Fyctia
Chapitre 2 : Lyla (1/2)
— Rappelle-moi pourquoi j’ai choisi cette vie, déjà ?
J’ai posé mon téléphone devant le miroir de ma salle de bain privée et papote avec Paola en même temps que je démarre ma routine skin care du soir.
— Parce que tu veux être libre, indépendante, voir le monde, gagner plein de pépettes, et n’avoir de compte à rendre à personne.
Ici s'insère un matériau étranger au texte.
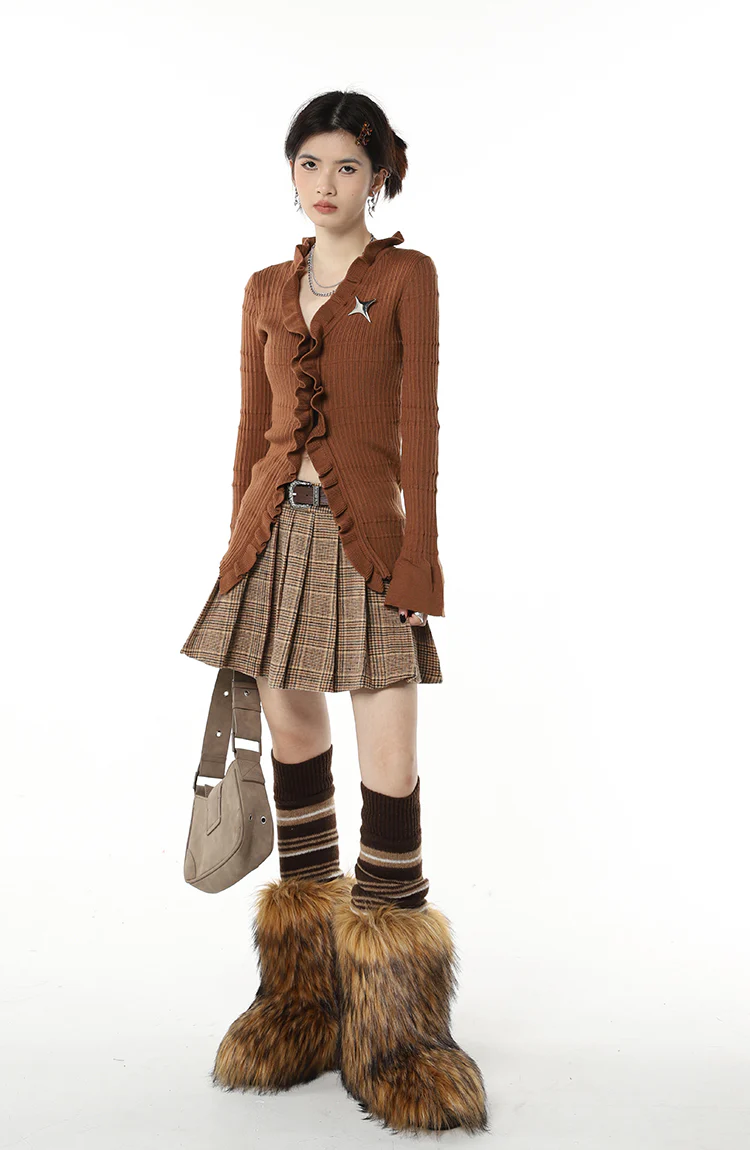 Ruffled Hem Ribbed Top with Star Pin Accessory - Image 30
Sauf à moi, elle rajoute en m’affichant son plus beau sourire.
— Est-ce que c’est débile de vouloir tout ça, et de se retrouver à devenir la dog-sitter d’un spitz nain qui s’appelle Spritz ?
— Certains manquent vraiment d’originalité, elle pouffe.
J’ai rejoint mes nouveaux patrons à Grenoble, nous avons pris le thé ensemble, fait connaissance, puis voyagé jusqu’à leur chalet de dingue en Savoie pour que Spritz et moi nous habituions l’un à l’autre avant le départ de ses maîtres, demain. Le toutou et moi dans un SUV Mercedes de 7 places avec toit panoramique et chauffeur, juste pour nous deux et mes maigres affaires. Il faut dire que le couffin du chien, sans compter ses jouets, ça prend de la place. Les propriétaires ont voyagé dans leur Lamborghini. On ne mélange pas les torchons avec les serviettes…
— Ses maîtres m’ont fait le topo pendant une heure au salon de thé, et je n’ai pas osé goûter aux délices qui étaient sur la table, de peur de paraître moins concentrée. T’imagines ? Je me suis contentée d’un seul macaron alors que tout me donnait envie ! Tout ça pour quoi ? Pour ne pas paraître goinfre alors qu’avec ce que je venais de vivre, j’avais besoin de sucre ! A la place, j’ai une dizaine de fiches de tout ce que le chien a comme activités durant leur absence. Ce clebs est plus riche que toi et moi réunies sur toute une vie. Je crois que j’ai un nouvel objectif : devenir plus riche que lui. Il en va de mon honneur.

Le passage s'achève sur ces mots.